Compilation album by various artists
- Released: November 16, 2018
- Recorded: 2018
- Genre: Christmas
- Length: 29:49
- Label: Producer Entertainment Group

Various artists chronology
| Christmas Queens 3 (2017) | Christmas Queens 4 (2018) |  |

= Christmas Queens 4 =

Christmas Queens 4 is a holiday compilation album featuring covers of Christmas songs by contestants of the American reality competition television series RuPaul's Drag Race. The album was released by the label Producer Entertainment Group on November 16, 2018. It is the fourth installment of the Christmas Queens album series.

==Composition==
The album opens with Jinkx Monsoon performing a "jazzy" rendition of "Jingle Bell Rock" (1957) by Bobby Helms. Jinkx Monsoon contributed to all four Christmas Queens albums.

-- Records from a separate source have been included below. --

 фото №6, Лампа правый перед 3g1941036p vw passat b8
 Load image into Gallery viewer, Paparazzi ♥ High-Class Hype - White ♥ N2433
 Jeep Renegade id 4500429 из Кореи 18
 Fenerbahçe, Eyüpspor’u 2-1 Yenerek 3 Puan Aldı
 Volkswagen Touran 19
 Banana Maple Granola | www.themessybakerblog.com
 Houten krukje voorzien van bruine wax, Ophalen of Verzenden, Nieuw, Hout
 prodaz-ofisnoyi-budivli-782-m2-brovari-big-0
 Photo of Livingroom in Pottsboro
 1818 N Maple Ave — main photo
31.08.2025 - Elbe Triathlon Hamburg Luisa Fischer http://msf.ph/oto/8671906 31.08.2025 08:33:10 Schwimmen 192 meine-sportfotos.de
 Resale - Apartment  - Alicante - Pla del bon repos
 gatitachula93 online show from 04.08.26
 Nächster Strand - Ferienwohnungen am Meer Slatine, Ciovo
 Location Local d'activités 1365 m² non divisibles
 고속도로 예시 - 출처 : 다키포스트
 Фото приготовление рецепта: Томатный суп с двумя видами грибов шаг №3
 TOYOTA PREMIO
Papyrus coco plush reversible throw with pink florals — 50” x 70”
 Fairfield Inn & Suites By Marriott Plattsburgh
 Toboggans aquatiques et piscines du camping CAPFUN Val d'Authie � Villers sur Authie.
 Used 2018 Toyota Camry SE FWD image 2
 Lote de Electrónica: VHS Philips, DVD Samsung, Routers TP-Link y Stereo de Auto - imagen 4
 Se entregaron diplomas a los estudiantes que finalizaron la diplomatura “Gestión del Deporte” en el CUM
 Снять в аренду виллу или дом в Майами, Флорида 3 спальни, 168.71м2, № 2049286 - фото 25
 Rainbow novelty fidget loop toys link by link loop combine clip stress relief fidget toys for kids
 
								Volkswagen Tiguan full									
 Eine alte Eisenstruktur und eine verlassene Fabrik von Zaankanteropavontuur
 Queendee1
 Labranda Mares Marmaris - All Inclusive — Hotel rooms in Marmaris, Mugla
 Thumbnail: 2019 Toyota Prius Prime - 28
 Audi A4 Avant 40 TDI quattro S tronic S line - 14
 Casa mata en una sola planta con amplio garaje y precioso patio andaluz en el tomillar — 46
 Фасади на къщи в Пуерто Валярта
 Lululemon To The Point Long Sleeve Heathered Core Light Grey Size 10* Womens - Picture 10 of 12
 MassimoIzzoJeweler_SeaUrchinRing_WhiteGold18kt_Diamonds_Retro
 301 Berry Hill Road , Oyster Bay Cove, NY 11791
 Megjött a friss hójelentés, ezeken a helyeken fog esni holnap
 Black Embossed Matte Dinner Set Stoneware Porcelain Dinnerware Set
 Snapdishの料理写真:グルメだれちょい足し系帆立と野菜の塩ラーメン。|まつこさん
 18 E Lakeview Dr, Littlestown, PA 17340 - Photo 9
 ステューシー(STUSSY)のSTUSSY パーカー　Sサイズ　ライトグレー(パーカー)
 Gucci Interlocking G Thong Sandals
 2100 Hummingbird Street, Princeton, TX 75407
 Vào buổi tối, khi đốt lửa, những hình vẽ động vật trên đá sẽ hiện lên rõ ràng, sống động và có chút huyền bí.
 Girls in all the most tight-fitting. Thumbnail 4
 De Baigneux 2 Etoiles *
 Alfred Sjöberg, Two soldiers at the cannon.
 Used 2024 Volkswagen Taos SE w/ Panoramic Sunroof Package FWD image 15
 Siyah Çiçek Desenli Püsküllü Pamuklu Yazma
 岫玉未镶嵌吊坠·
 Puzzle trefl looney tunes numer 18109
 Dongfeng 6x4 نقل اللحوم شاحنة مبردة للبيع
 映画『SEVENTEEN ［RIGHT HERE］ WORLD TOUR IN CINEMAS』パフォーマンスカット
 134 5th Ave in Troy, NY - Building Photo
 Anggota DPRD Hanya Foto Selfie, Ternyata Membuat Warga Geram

Blair St. Clair performs an "EDM-infused" cover of "Last Christmas" (1984) by Wham!, and BeBe Zahara Benet performs a "dragged-up" remix of "Little Drummer Boy", written by Katherine Kennicott Davis in 1941. Manila Luzon covers "It's the Most Wonderful Time of the Year" (1963), written by Edward Pola and George Wyle. Alaska Thunderfuck follows with a "campy" rendition of "Santa Baby", originally released in 1953 by Eartha Kitt with Henri René and His Orchestra.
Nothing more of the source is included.